**Recorded information:**
◆ ◆ ◆ ◆ ◆
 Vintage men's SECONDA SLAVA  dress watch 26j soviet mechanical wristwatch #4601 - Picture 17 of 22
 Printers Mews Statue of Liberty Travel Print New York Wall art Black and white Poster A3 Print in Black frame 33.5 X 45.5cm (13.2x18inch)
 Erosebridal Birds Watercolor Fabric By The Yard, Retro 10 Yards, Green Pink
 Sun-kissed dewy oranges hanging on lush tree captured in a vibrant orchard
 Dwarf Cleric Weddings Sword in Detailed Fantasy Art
◆ ◆ ◆ ◆ ◆
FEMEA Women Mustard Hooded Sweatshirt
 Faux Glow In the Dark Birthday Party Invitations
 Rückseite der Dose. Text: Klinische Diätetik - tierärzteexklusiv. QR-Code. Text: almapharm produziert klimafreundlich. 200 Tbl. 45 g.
◆ ◆ ◆ ◆ ◆
**Problem to solve:** Restate word for word the entries above from the line with "Erosebridal Birds Watercolor" through the line with "Dwarf Cleric Weddings", inclusive, leaving out everything else.

**Result of this exercise:**
 Erosebridal Birds Watercolor Fabric By The Yard, Retro 10 Yards, Green Pink
 Sun-kissed dewy oranges hanging on lush tree captured in a vibrant orchard
 Dwarf Cleric Weddings Sword in Detailed Fantasy Art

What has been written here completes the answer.